11月25日の東雅夫先生の講座の予習を兼ねて、霊 文豪ノ怪談ジュニア・セレクション(東雅夫編・汐文社)を読んだ。謡曲を読むのは初めて!だけど、なんだかとてもしっくりくる。浄瑠璃とは違う言葉の美しさを感じた。
『あれ』
作者:星新一
初出:「別冊問題小説」1975年春号
出張先のホテルで金縛りのような「あれ」を体験した会社員。その体験が社内で知られると、やがて彼は昇進する。その会社では、なぜか「あれ」を体験した社員が昇進することになっていた。「あれ」を体験したふりをする会社員も出るが、その会社員は…。
小さい頃から馴染んでいた星新一だけれど、こんな怖い語り口をしていた作家なんだと再発見。
冒頭の「あれ」が出現する直前の描写である。なんとも怖い。
静かな真夜中。男はふと、寒気を感じて、目をさました。なにか寒い。暖房設備が故障したのだろうかな、とも思った。そうではない。かぜをひいたのでもない。そういうたぐいの寒さではないのだ。背中のあたりに、つめたいものを感じる。これは、どういうことなのだろう。
最後まで「あれ」のまま、その正体も、理由もわからない。ただ怖い…という感情が残る。星新一が、こんなに怖く語る作家だったとは…という発見がうれしい作品だった。
読了日:2017年11月22日
「霊魂」
作者:倉橋由美子
初出:「新潮」1970年1月号
私たちの身体のなかに霊魂がいるのか、それとも私たちと霊魂は同じ存在なのか…冒頭の死病の床についたMが婚約者に語る文は、そんな霊魂の不思議さを印象づけるものである。
「わたしが死んだら、わたしの霊魂をおそばにまいらせますわ」といった。それからちょっと考えこむようすがあって、「霊魂がおそばにまいりますわ」といいなおした。
このMは死後霊魂となって婚約者のもとに戻る。婚約者と霊魂は同衾したり共に風呂に入ったりと新婚生活を楽しむが、だんだん霊魂は元気がなくなっていく。

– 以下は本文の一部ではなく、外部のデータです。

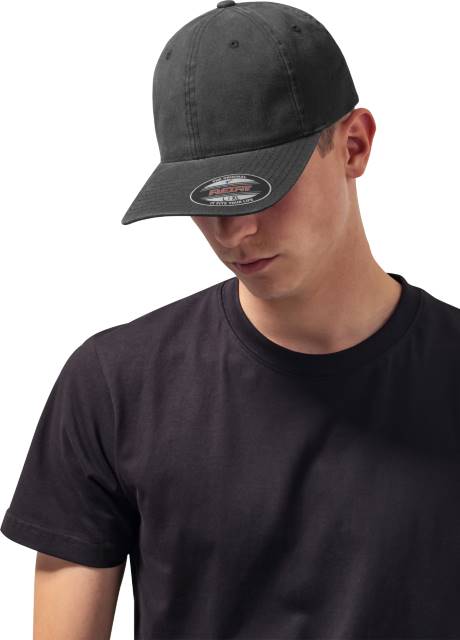 6997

「わたしはだんだんMの霊魂ではなくなってくるみたいなの。Mのからだを失ってからは、Mのことに関する記憶もみるみる薄れていきましたわ。記憶はやはり霊魂ではなくてからだがもっているのですね。からだがなくなると、わたしがいつまでもMの霊魂でいることはむずかしいのです。そのうちにだれの霊魂でもなくなりますわ。ちょうど風に吹きさらされて色も匂いもぬけてしまうみたいに、時の風に吹きさらされて霊魂の個人性がぬけてしまうようですわ」
倉橋由美子の霊魂についての考えがよくわかる作品。他の倉橋作品も読んでみたい。
読了日:2017年11月22日
『木曽の旅人』
作者:岡本綺堂
初出:やまと新聞1913年5月〜6月
青蛙堂鬼談の拾遺篇とも言うべき近代異妖篇に収められている短編。
この話を語る重兵衛は木こりで、木曽の山奥で太吉という男の子と暮らしていた。そこに旅人が暖求めにやってくるが、太吉はいつになく怯える。知り合いの猟師が犬を連れて訪れるが、その犬も旅人にむかって吠えたてる。その旅人は、女を殺した疑いで警察の探偵が追いかけている男であった。

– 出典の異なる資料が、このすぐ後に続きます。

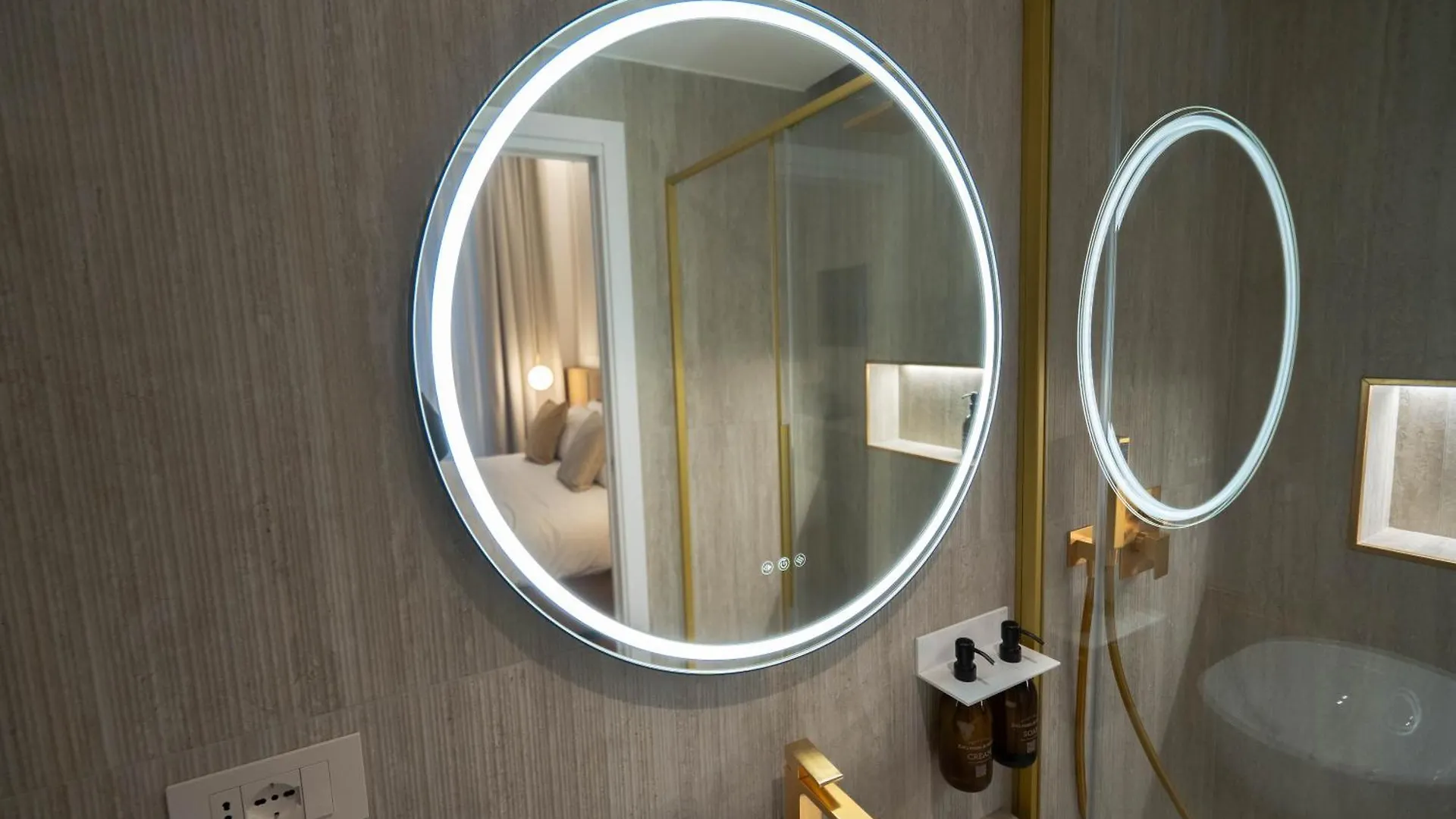 بيت ضيافة 56 Orange Street Luxury Accommodation روما إيطاليا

彼らを恐れさせたのは、その旅人の背負っている重い罪の影か殺された女の物凄い姿か、確かには判断がつかない。
太吉や犬が何に怯えたのか、その正体は最後まで明かされない。でも子どもや犬の怯える様子、山の中の様子、はじめは穏やかに思えた旅人がだんだん恐ろしいものに変わっていく様子、正体を明かさないで怖さを描いていく点は、星新一の『あれ』と同じである。
読了日:2017年11月23日
『後の日の童子』
作者:室生犀星
初出:「女性」1923年2月号
生後間もなくして此の世を去った子どもが、少し成長した姿で両親のもとを訪ねるようになる。だが、やがて子どもの姿も、両親の姿も互いに見えなくなっていくという話。
死んだはずの子どもが両親と食事をしているとき、母親が魚を火にあぶっていると子どもは食べられる魚の悲しみを思い、両親に訊ねる。母親と子どものやりとりが生きている者、死んだ者の断絶を示しているようで悲しい。
「おまえはむずかしいことを言いますね。そりゃお魚だって悲しいにちがいはなかろうがね。しかし死んでいるんだからどうだか分からない。」
「死んでいるんだから分からない?」
丁寧な註のおかげで、以前はただの風景描写として読み飛ばしていた風景、「水草の生えた花の浮いている水田」「白い道路」「限りもない水田」が、冥土を暗示している言葉であることを知る。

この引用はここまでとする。